Bayesian model averaging

16.2. Bayesian model averaging#

Historically, mixing together different statistical models has been done through Bayesian model averaging (BMA). BMA has been broadly applied in many areas of research including the physical and biological sciences, medicine, epidemiology, and political and social sciences. For a recent survey of BMA applications, we refer to \cite{Fragoso2018}. BMA is a framework where several competing (or alternative) models \(\mathcal{M}_1, \dots, \mathcal{M}_K\) are available. The BMA posterior density \(p(\qoi|\data)\) corresponds to the linear combination of the posterior densities of the individual models:

(16.2)#\[ p(\qoi|\data) = \sum_{k=1}^K p(\qoi|\data,\mathcal{M}_k)\, p(\mathcal{M}_k|\data) . \]

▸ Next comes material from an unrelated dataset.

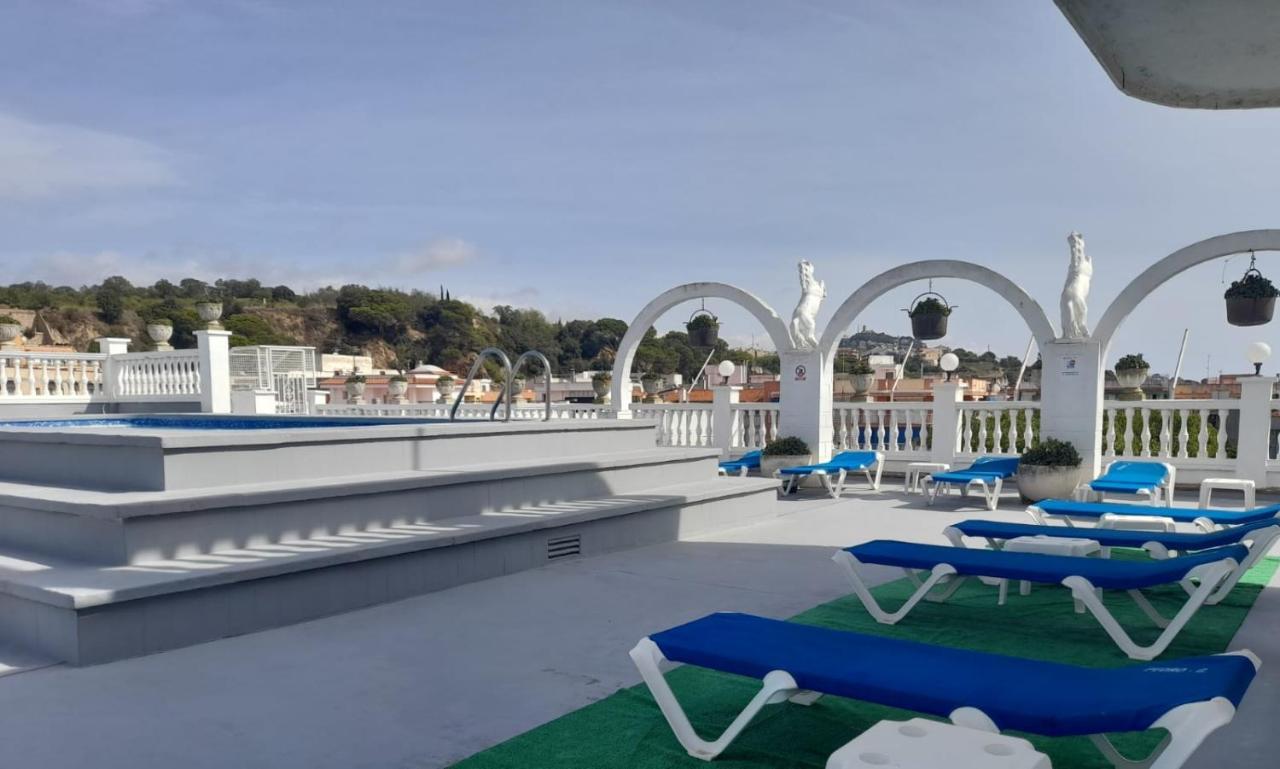 Apartamentos Las Americas - Blanes Beach Екстериор снимка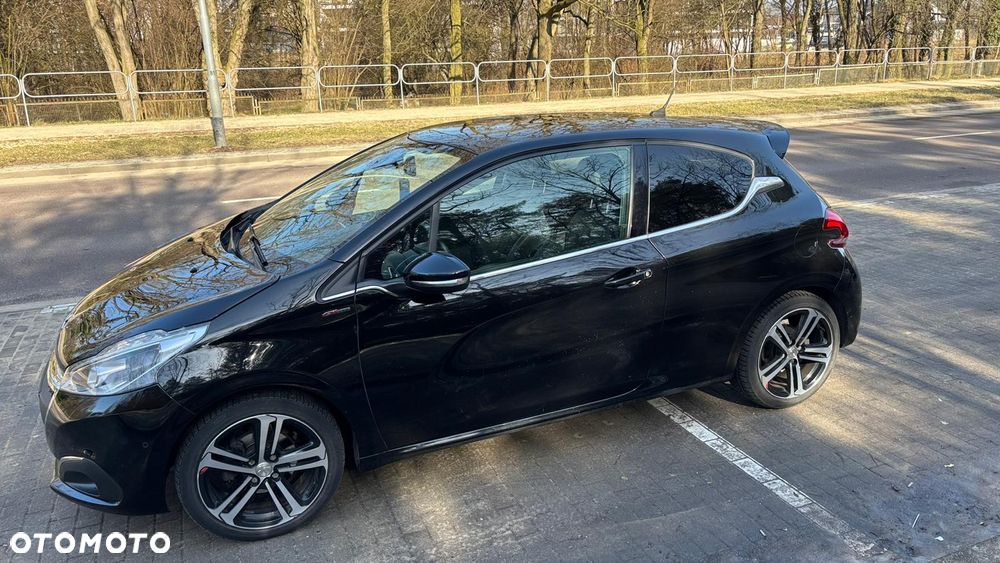 Peugeot 208 - 13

If we pull through the typical inference, we can compute the first term \(p(\qoi|\data,\mathcal{M}_k)\) by

(16.3)#\[ p(\qoi|\data,\mathcal{M}_k)=\int_{\Theta} p(\qoi|\data,\mathcal{M}_k,\theta) p(\theta|\data,\mathcal{M}_k) \mathrm{d} \theta. \]

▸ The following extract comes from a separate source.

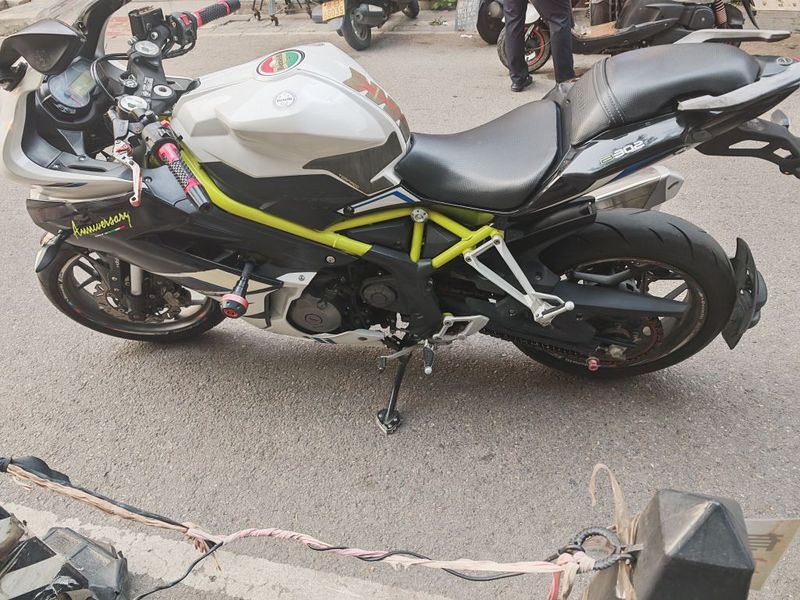 二手贝纳利龙卷风 Tornado 302R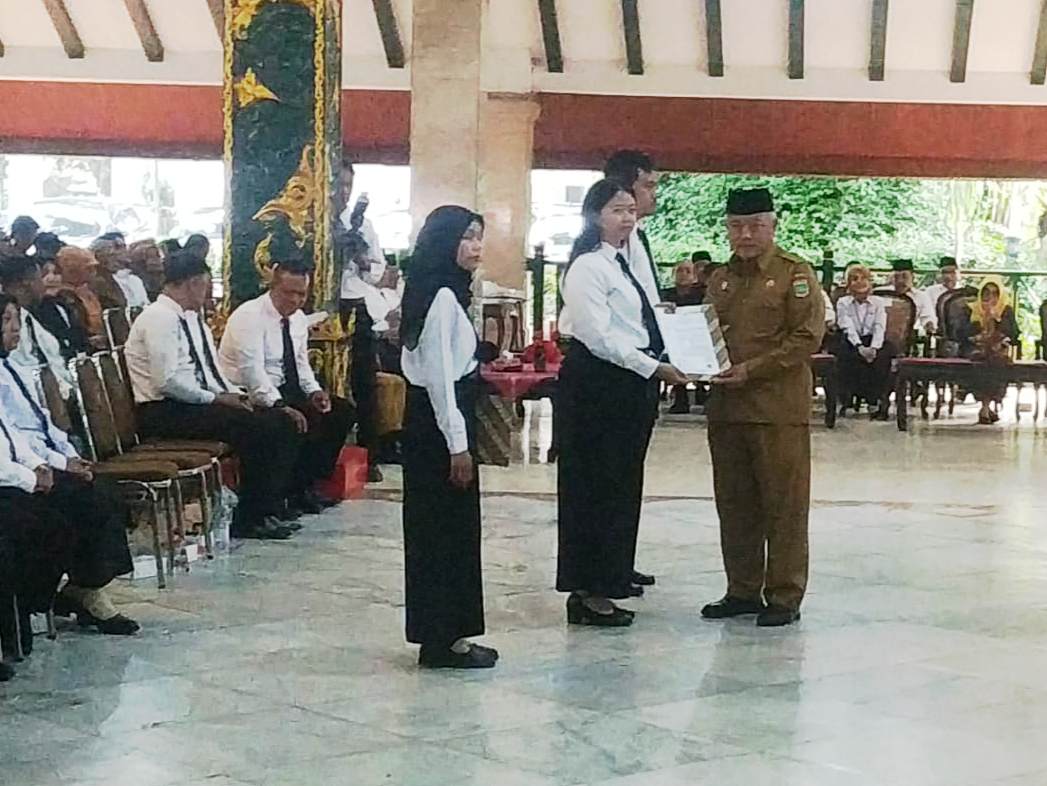 Sebanyak 3.850 Pegawai Pemerintah dengan Perjanjian Kerja (PPPK) formasi 2020–2021 resmi menerima Surat Keputusan (SK) pengangkatan di Pendopo Kabupaten Malang , Senin (2/6/2025).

The second term in (16.2), \(p(\mathcal{M}_k|\data)\), represents the posterior probability that the model \(k\) is correct. It can be computed as

(16.4)#\[ p(\mathcal{M}_k|\data) = \frac{p(\data|\mathcal{M}_k)p(\mathcal{M}_k)}{\sum_{k=1}^K p(\data|\mathcal{M}_k)p(\mathcal{M}_k)} \]

where

\[ p(\data|\mathcal{M}_k)= \int_{\Theta} p(\data|\mathcal{M}_k,\theta) p(\theta|\mathcal{M}_k) \mathrm{d} \theta. \]

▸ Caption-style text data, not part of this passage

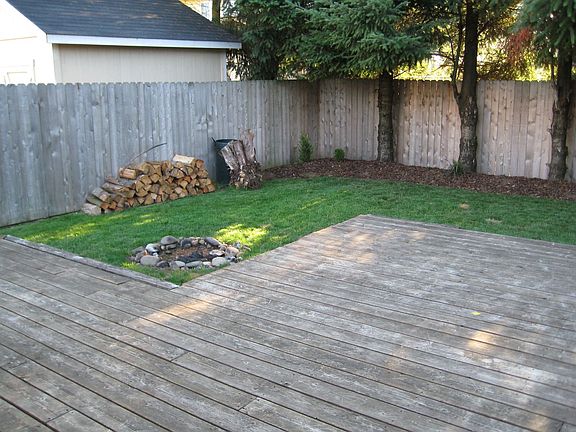 5th image of 2020 NE 179th Pl
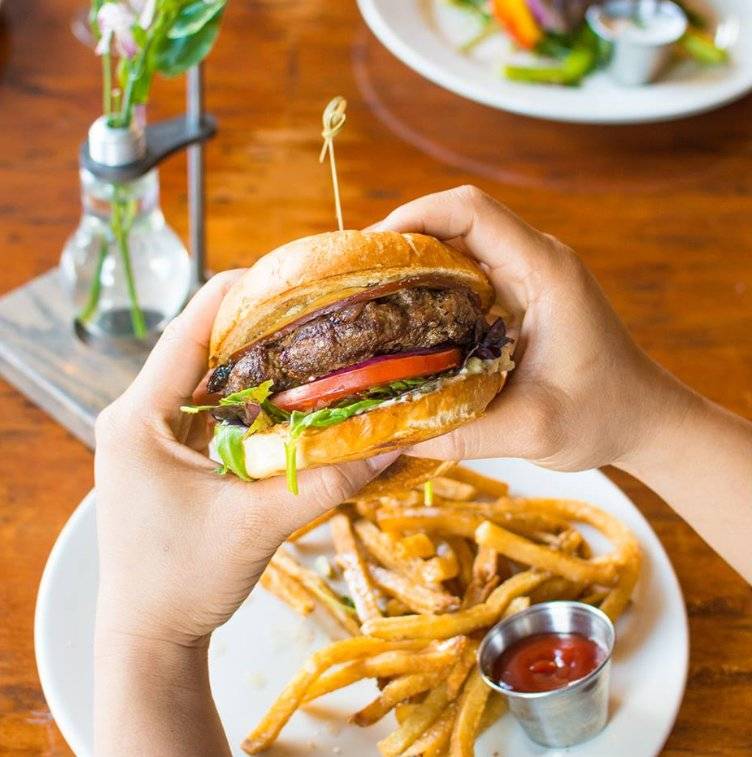 bellagreen | restaurant | 8041 Walnut Hill Ln #810, Dallas, TX 75231, USA | 9726395164 OR +1 972-639-5164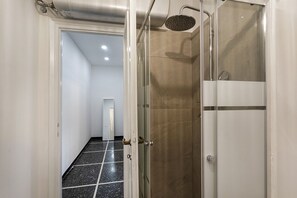 Ducha, secador de pelo, toallas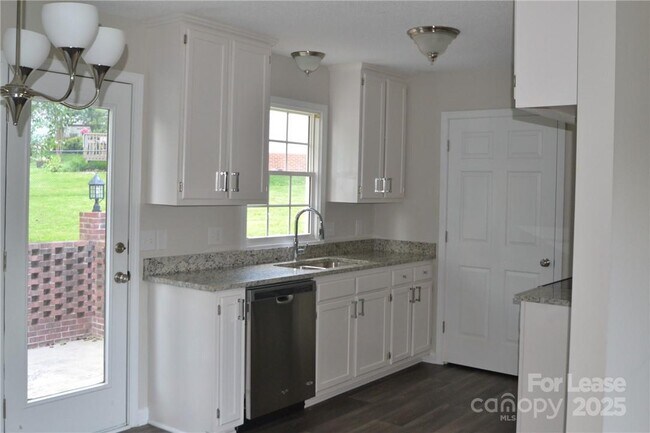 Foto del edificio - 1006 Atherstone St NW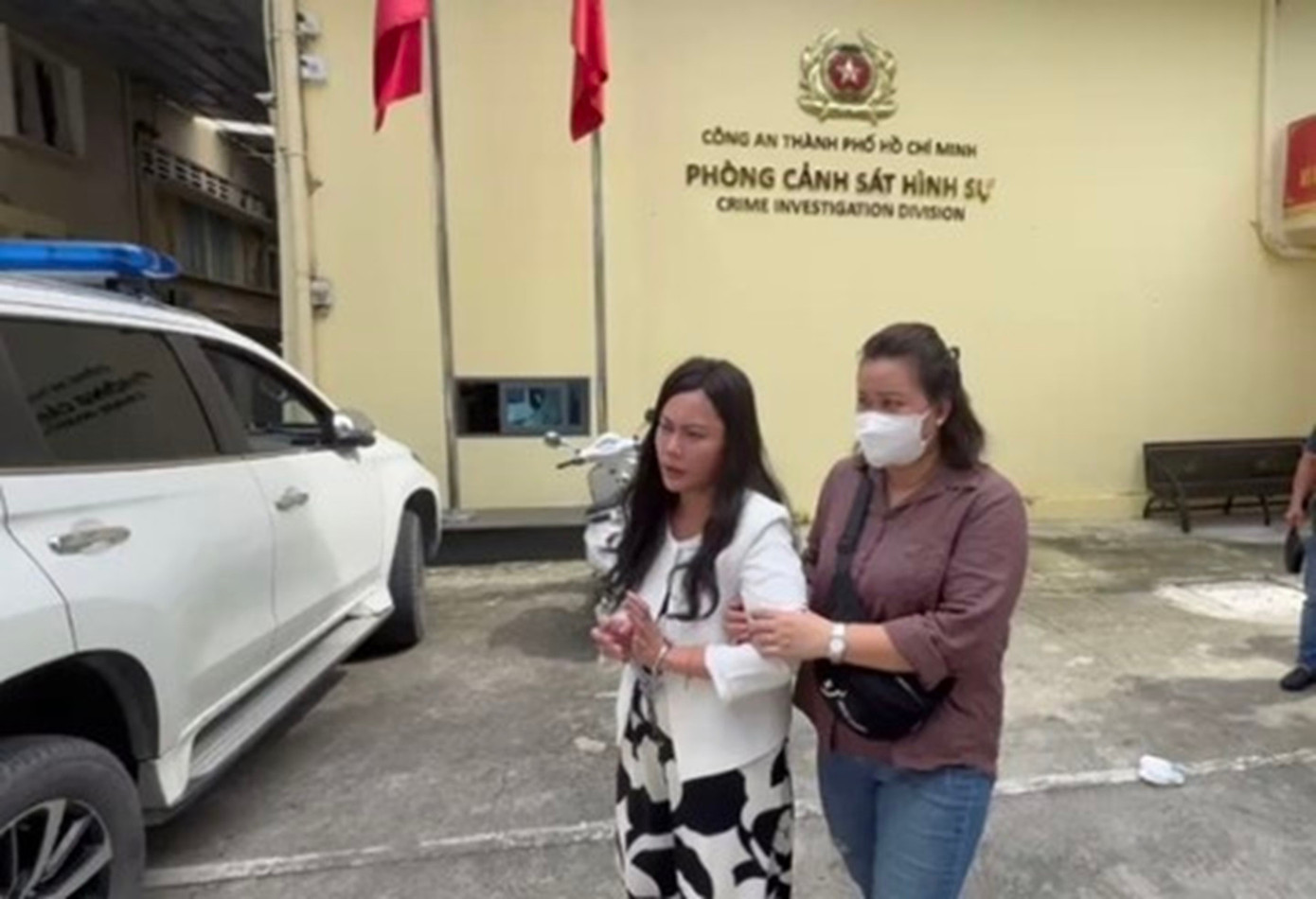 Mạo danh cán bộ Thanh tra Chính phủ lừa đảo, chiếm đoạt gần 14 tỷ đồng- Ảnh 2.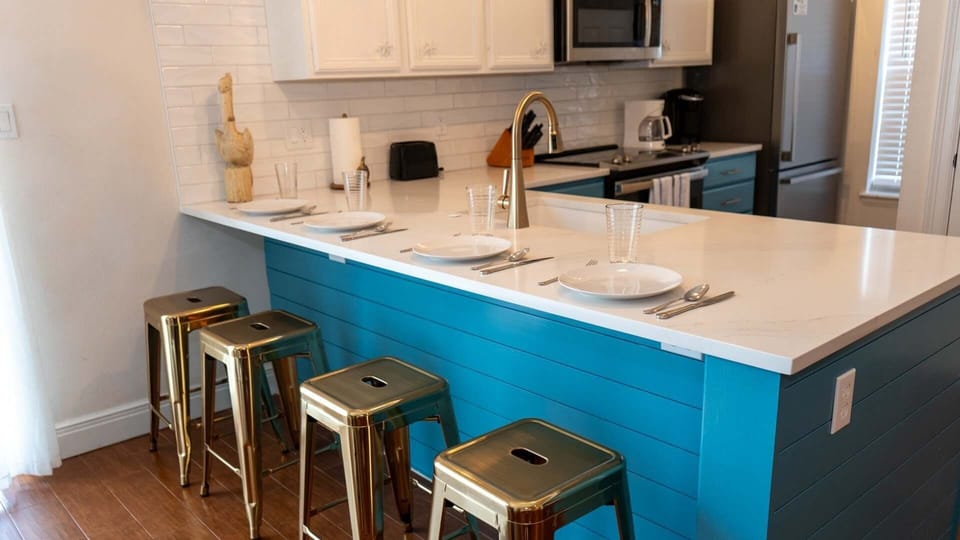 Apartment, 2 Bedrooms | Private kitchen | Coffee/tea maker, fridge, oven, toaster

The BMA posterior (16.2) for \(\qoi\) can then be obtained by using (16.3) and (16.4).

The posterior probability of model \(k\) being correct, \(p(\mathcal{M}_k|\data)\), accounts for the common physics assumptions or phenomenological properties being studied that may span many of these models. But this framing works by choosing a single model that is dominant over the entire model space. If a perfect model is explicitly considered, that is, if some \(\mathcal{M}_k\) is correct, the corresponding term should dominate the sum in (\ref{eqn:posteriorBMA}). However, generic BMA can lead to misleading results when a perfect model is not included. One illustration is presented in Section A tale of two models: contrasting BMA with BMM. No nuclear physics models have access to an exact representation of reality; one only hopes some are usefully close to it. It is to be noted that while using an \(\mathcal{M}-\)closed approach may be problematic in many nuclear physics applications, there are nuclear physics cases when BMA can be useful~\cite{Jay2020}.

But, more generally, to be useful for nuclear physics, Bayesian inference methods should account for the relative performance of models among the different observables. Some early efforts in this direction include \cite{kejzlar2019bayesian,Kejzlar2020} which consider multiple models which do not live on a common domain, resulting in some models being useful for prediction in certain physical regimes but not others.